Fugiu dos questionamentos, dos esclarecimentos e deixou permanecer a dúvida. Esta, como disse a juíza ao delegado na ditadura, permanecerá para sempre.
Dilma foi capaz de enfrentar por mais de 14 horas o debate com 81 senadores, mostrado ao vivo e a cores pela televisão. Já Temer, quando deputado federal e presidente da Câmara, convidado pelo delegado federal Cássio Nogueira a prestar um depoimento, na condição de testemunha, em dia, hora e local que ele mesmo indicasse, jamais respondeu. Faltou-lhe coragem, como em tantas outras ocasiões. É o mesmo homem que fugiu da Olimpíada com medo de vaias.
Deixou de lado o espírito cívico de, pelo menos, ajudar a esclarecer uma suspeita de desvio de verbas públicas e corrupção.
Se ficou livre de um julgamento por suspeita de envolvimento em corrupção, deve isso a dois procuradores da República – Geraldo Brindeiro (2001) e Roberto Gurgel (2011) – e a omissão do próprio Supremo Tribunal Federal que arquivou os pedidos de investigação que pudessem esclarecer o envolvimento do então deputado.

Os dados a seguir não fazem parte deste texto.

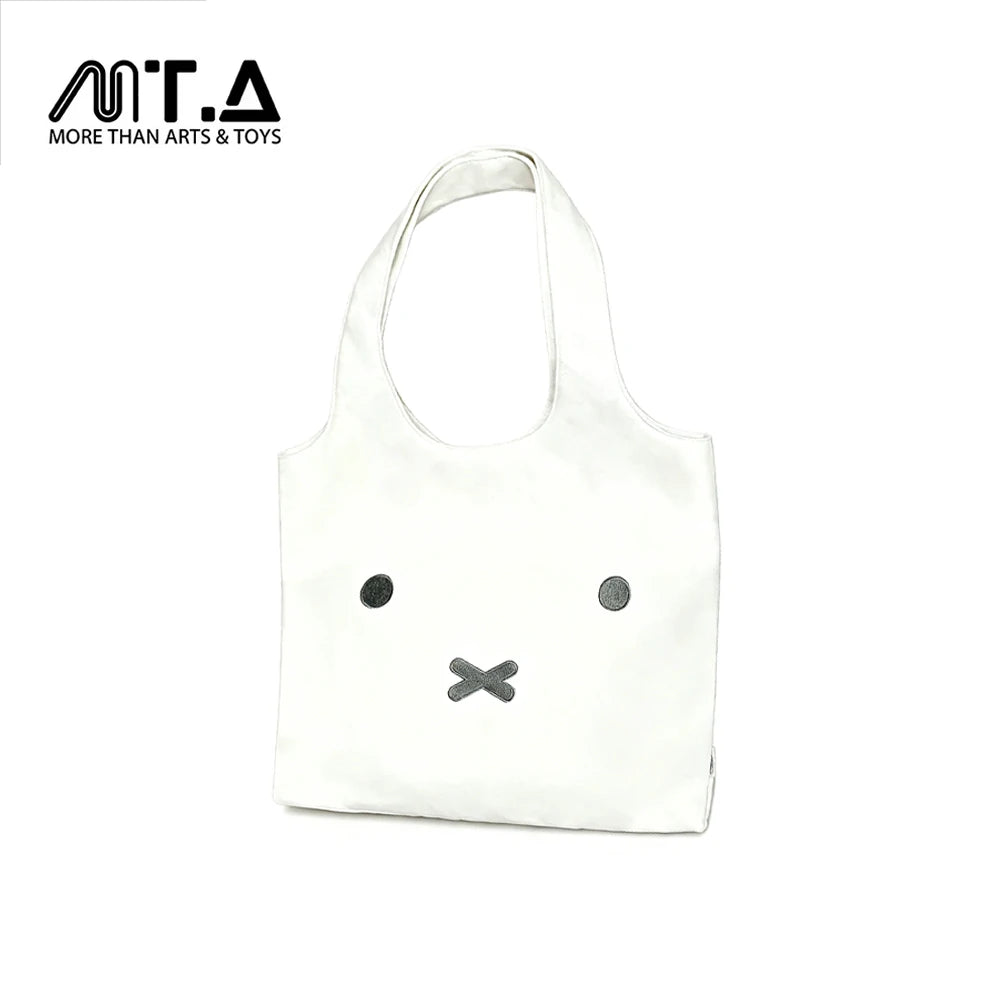 Miffy Large Canvas Carryall Tote bag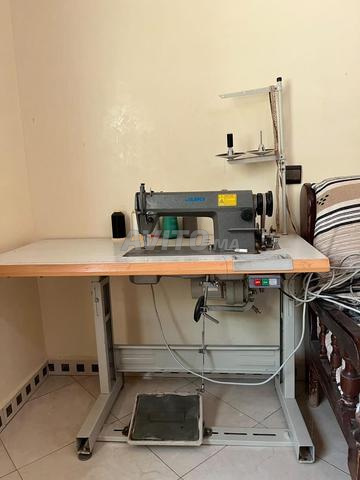 ماكينة خياطة بحالة جيدة جداً - 2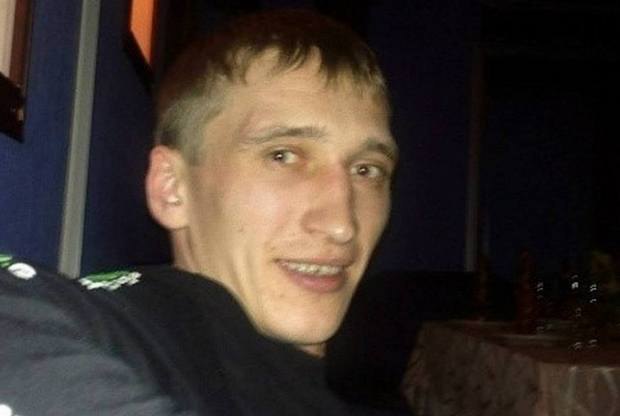 Бирук Иван Викторович, 1984 года рождения, житель Николаевки (Славянск).
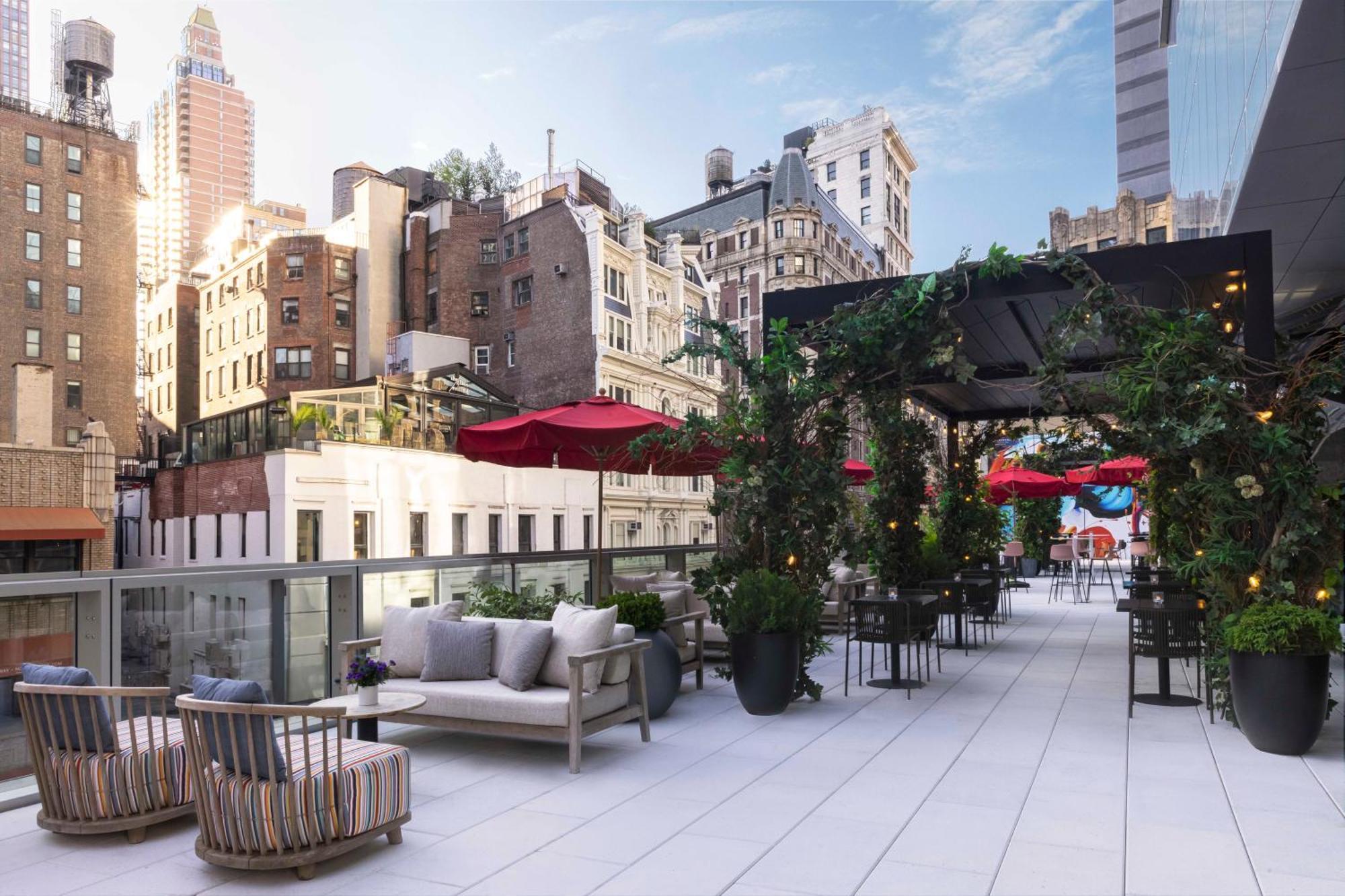 Virgin Hotels New York City Eksteriør bilde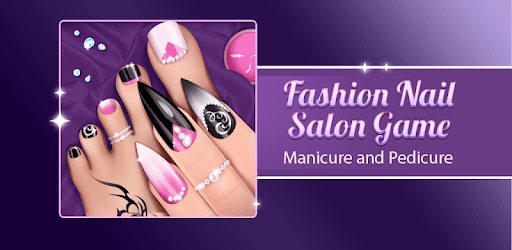 Fashion Nail Salon Game: Manicure and Pedicure App PC screenshot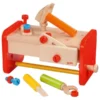 Goki Holzspielzeug Werkbank Inklusive Aufbewahrungsbox 1 Goki Holzspielzeug Werkbank Inklusive Aufbewahrungsbox -Kinder Spiel Waren 58871 s 600x600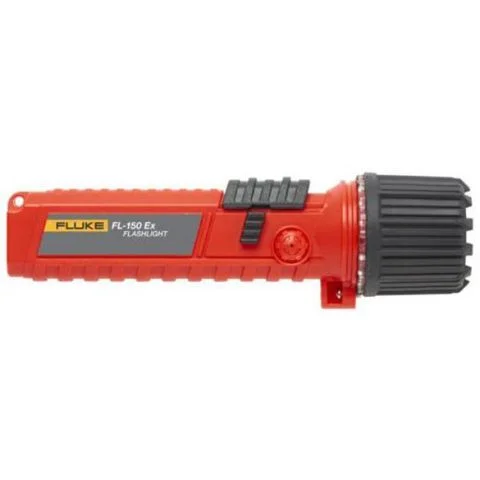 FL-150 EX Fluke Lommelykt 2260070 FL-150 EX Fluke Lommelykt 2260070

Não apenas isso. Enquanto seu afilhado político, Marcelo de Azeredo, foi pego pela Receita Federal que confirmou as denúncias feitas em 2 000 pela ex-companheira dele Érika Santos, Temer, graças às suas relações políticas com todos os governos do período da redemocratização do país, não teve analisada a sua variação patrimonial, que não foi pequena, diga-se.
Ao ser confirmado em um cargo para o qual não foi eleito, terá outros benefícios. Na cadeira de presidente não poderá ser investigado pelas recentes denúncias que surgiram ao longo das delações premiadas da Lava Jato. Não foram poucas.
Foi acusado de beneficiar-se das obras de ampliação do Aeroporto de Guarulhos, denúncia sobre a qual existem investigações que correm em segredo.
Também Marcelo Odebrecht confessou que, a pedido do então vice-presidente, em um jantar no Palácio Jaburu, repassou R$ 10 milhões ao PMDB, sendo R$ 4 milhões para seu atual ministro da Casa Civil, Eliseu Padilha e o restante para o presidente da Federação das Indústrias de São Paulo (FIESP), Paulo Skaf, então candidato do PMDB ao governo do estado. Tudo dinheiro não contabilizado..
Sérgio Machado, ex-presidente da Transpetro, denunciou Michel Temer (PMDB), por lhe pedir recursos ilícitos para a campanha de Gabriel Chalita (PMDB) à prefeitura de São Paulo, em 2012.
Outros a apontarem-no como envolvido na corrupção foram o ex-senador Delcídio do Amaral e o empresário Julio Camargo, que intermediou negócios bilionários na Petrobras e confessou ter pago propina a integrantes do PMDB, entre os quais o deputado Eduardo Cunha (PMDB-RJ).
Delcídio apontou Temer como o “grande patrocinador” da ida de Jorge Zelada para a área internacional da Petrobras, que seria o elo do PMDB no esquema de corrupção.
Ao rasgar a Carta Magna, o Senado colocou no lugar de uma mulher honesta e escolhida pelo voto popular um cidadão sobre o qual recaem suspeitas sérias. E que já está cercado de ministros e assessores sob os quais as suspeições também são grandes.
Tudo com respaldo de parte de uma população que foi às ruas pedir o fim da impunidade e da corrupção.
Estaremos dando início a mais um período obscuro na democracia que conquistamos com muita luta e muito sangue. Apertem os cintos.